From: Jeff Layton <jlayton@kernel.org>
To: Andrew Morton <akpm@linux-foundation.org>
Cc: Alexander Viro <viro@zeniv.linux.org.uk>,
Christian Brauner <brauner@kernel.org>, Jan Kara <jack@suse.cz>,
"Matthew Wilcox (Oracle)" <willy@infradead.org>,
David Hildenbrand <david@kernel.org>,
Lorenzo Stoakes <ljs@kernel.org>,
"Liam R. Howlett" <Liam.Howlett@oracle.com>,
Vlastimil Babka <vbabka@kernel.org>,
Mike Rapoport <rppt@kernel.org>,
Suren Baghdasaryan <surenb@google.com>,
Michal Hocko <mhocko@suse.com>,
Mike Snitzer <snitzer@kernel.org>, Jens Axboe <axboe@kernel.dk>,
Ritesh Harjani <ritesh.list@gmail.com>,
Christoph Hellwig <hch@infradead.org>,
Kairui Song <kasong@tencent.com>, Qi Zheng <qi.zheng@linux.dev>,
Shakeel Butt <shakeel.butt@linux.dev>,
Barry Song <baohua@kernel.org>,
Axel Rasmussen <axelrasmussen@google.com>,
Yuanchu Xie <yuanchu@google.com>, Wei Xu <weixugc@google.com>,
Steven Rostedt <rostedt@goodmis.org>,
Masami Hiramatsu <mhiramat@kernel.org>,
Mathieu Desnoyers <mathieu.desnoyers@efficios.com>,
Chuck Lever <chuck.lever@oracle.com>,
linux-fsdevel@vger.kernel.org, linux-kernel@vger.kernel.org,
linux-nfs@vger.kernel.org, linux-mm@kvack.org,
linux-trace-kernel@vger.kernel.org
Subject: Re: [PATCH v3 2/4] mm: kick writeback flusher for IOCB_DONTCACHE with targeted dirty tracking
Date: Sun, 26 Apr 2026 14:25:36 -0400 [thread overview]

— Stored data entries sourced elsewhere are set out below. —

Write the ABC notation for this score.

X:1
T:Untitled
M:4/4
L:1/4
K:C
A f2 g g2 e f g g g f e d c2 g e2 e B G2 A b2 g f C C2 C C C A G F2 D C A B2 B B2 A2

Message-ID: <c40b691f76e6d397b889b4ee27e43490320660f1.camel@kernel.org> (raw)
In-Reply-To: <20260426052854.8372fb9d4c616f16a8aa0a0f@linux-foundation.org>
On Sun, 2026-04-26 at 05:28 -0700, Andrew Morton wrote:
> Naive questions...
>
> On Sun, 26 Apr 2026 07:56:08 -0400 Jeff Layton <jlayton@kernel.org> wrote:
>
> > The IOCB_DONTCACHE writeback path in generic_write_sync() calls
> > filemap_flush_range() on every write, submitting writeback inline in
> > the writer's context. Perf lock contention profiling shows the
> > performance problem is not lock contention but the writeback submission
> > work itself — walking the page tree and submitting I/O blocks the writer
> > for milliseconds, inflating p99.9 latency from 23ms (buffered) to 93ms
> > (dontcache).
>
> So in the current case, when generic_write_sync() returns, all that
> memory is written back and clean&reclaimable (or freed?), yes?
>
> > Replace the inline filemap_flush_range() call with a flusher kick that
> > drains dirty pages in the background. This moves writeback submission
> > completely off the writer's hot path.
>
> Whereas after this change, that pagecache is probably still dirty,
> unreclaimable, waiting for the flusher to do its thing?
>
> So is there potential that the system will get all gummed up with
> dirty, to-be-written-soon pagecache? Is there something which limits
> this buildup?
>
> > ...
> >
> > dontcache-bench results on dual-socket Xeon Gold 6138 (80 CPUs, 256 GB
> > RAM, Samsung MZ1LB1T9HALS 1.7 TB NVMe, local XFS, io_uring, file size
> > ~503 GB, compared to a v6.19-ish baseline):
> >
> > Single-client sequential write (MB/s):
> > baseline patched change
> > buffered 1449.8 1440.1 -0.7%
> > dontcache 1347.9 1461.5 +8.4%
> > direct 1450.0 1440.1 -0.7%
> >
> > Single-client sequential write latency (us):
> > baseline patched change
> > dontcache p50 3031.0 10551.3 +248.1%
> > dontcache p99 74973.2 21626.9 -71.2%
> > dontcache p99.9 85459.0 23199.7 -72.9%
> >
> > Single-client random write (MB/s):
> > baseline patched change
> > dontcache 284.2 295.4 +3.9%
> >
> > Single-client random write p99.9 latency (us):
> > baseline patched change
> > dontcache 2277.4 872.4 -61.7%
> >
> > Multi-writer aggregate throughput (MB/s):
> > baseline patched change
> > buffered 1619.5 1611.2 -0.5%
> > dontcache 1281.1 1629.4 +27.2%
> > direct 1545.4 1609.4 +4.1%
> >
> > Mixed-mode noisy neighbor (dontcache writer + buffered readers):
> > baseline patched change
> > writer (MB/s) 1297.6 1471.1 +13.4%
> > readers avg (MB/s) 855.0 462.4 -45.9%
>
> These results look ambiguous. Sometimes better, sometimes worse?
>
Forgot to comment on this part earlier...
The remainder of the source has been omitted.